ANN ARBOR’Since 2005, about two dozen states have created "Stand Your Ground" laws authorizing deadly force in self-defense. And nearly all of those laws have similar language.
So, how did that happen? They all shared an author: The American Legislative Exchange Council drafted "model" legislation and lobbied states to pass it.
This tactic of using model laws to influence legislation is common in the U.S. ALEC, for its part, doesn’t hide the fact that it provides this service in a "model policy library." But this kind of influence can be hard to detect.
Eytan Adar, associate professor at the University of Michigan School of Information, calls this the "Dark Corpora" problem: spotting laws where clusters of similar language exist, and reconstructing what the source material might have looked like.

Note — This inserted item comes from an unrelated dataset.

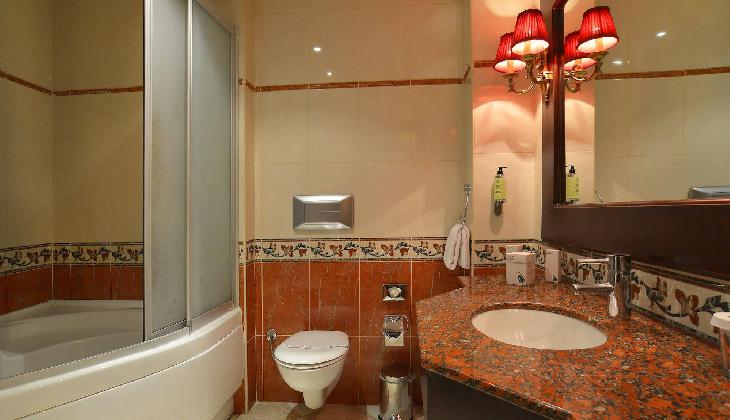 هتل پِرا رُز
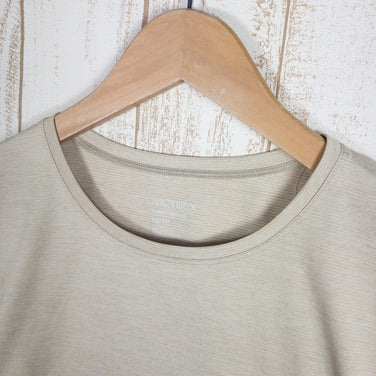 【Women's XS ベージュ系】 Arcteryx ( アークテリクス ) ティーマ クルー ショートスリーブ Taema Crew SS ポリエステル ウェア トップス インナー シャツ ショートスリーブシャツ 化繊 z00050688 化繊 ショートスリーブシャ - 【公式】2ndGEAR（セカンドギア）Webショップ【登山用品・アウトドア用品専門 買取販売店】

The Dark Corpora problem just got a lot easier to solve?thanks to new research led by Adar; Matthew Burgess, who recently received his Ph.D. in computer science from the U-M College of Engineering; and Eugenia Giraudy of internet market research firm YouGov.
"As bipartisan politics leads to more gridlock at the federal level, lobbyists are focusing more and more on influencing state legislation," Burgess said. "We hope that social scientists, watchdog groups and journalists use the tools and data we built."
The researchers developed LobbyBack: a new system of natural language processing analysis that takes clusters of bills and identifies common language, attempting to reconstruct those sentences into something that might resemble the original model legislation.
"This is about trying to figure out what the law looked like in the original document and how laws propagate from these organizations to state legislatures," Adar said. "There are two reasons why it’s exciting: First, this is an area where that kind of influence has a huge effect. Because it’s not transparent, it’s problematic. It’s also a hard, interesting problem that exists in areas ranging from meme diffusion to plagiarism detection."
The system could be used by journalists or researchers to identify the sources behind new bills, the study suggests.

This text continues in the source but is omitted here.